- **Task objective**:
Copy, pictures aside: the lines below from the one that holds "Vintage Bronc Rider" through the final line of the listing, both ends included, exactly as they are and nothing else.

- **Provided material**:
>>

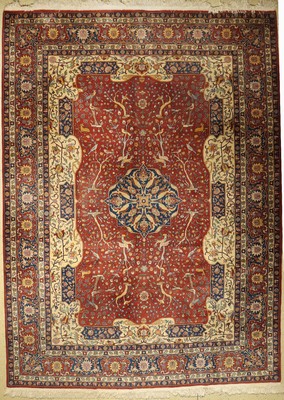 Rumänien Teppich alt, Täbriz Design, ca. 60Jahre, Wolle auf Baumwolle, ca. 377 x 279 cm, EHZ: 2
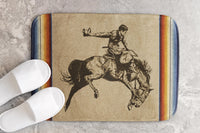 Vintage Bronc Rider Bath Mat Country Western Home Bathroom Decor Tan Background Retro Southwestern Farmhouse Bathroom Floor Mat Padded Mat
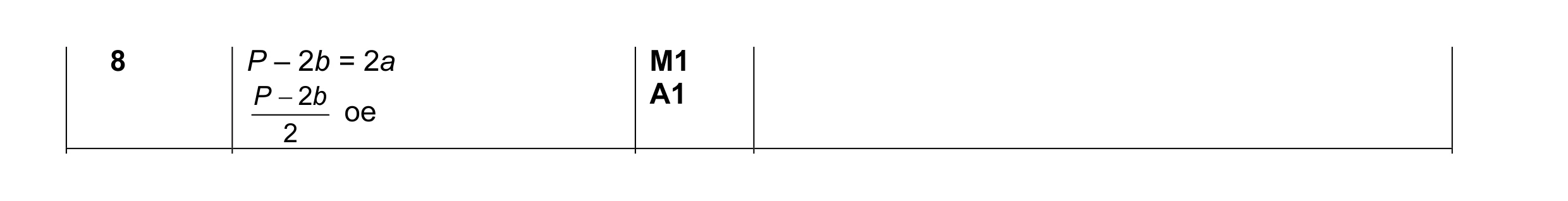 Mark scheme for question 4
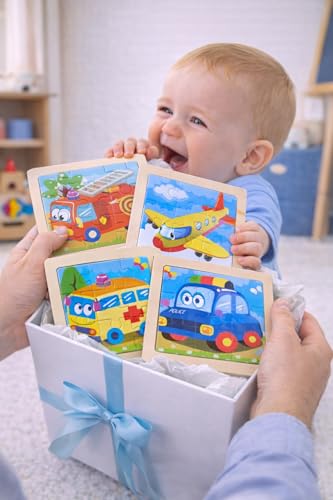 Image of Fun4You-Wooden Vehicle Puzzle for Kids | Car, Bus, Fire Truck & Aeroplane Jigsaw Board | Educational Wooden Learning Toy for Toddlers & Preschool Kids (25 Years)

<<

- **Result for this exercise**:
 Vintage Bronc Rider Bath Mat Country Western Home Bathroom Decor Tan Background Retro Southwestern Farmhouse Bathroom Floor Mat Padded Mat
 Mark scheme for question 4
 Image of Fun4You-Wooden Vehicle Puzzle for Kids | Car, Bus, Fire Truck & Aeroplane Jigsaw Board | Educational Wooden Learning Toy for Toddlers & Preschool Kids (25 Years)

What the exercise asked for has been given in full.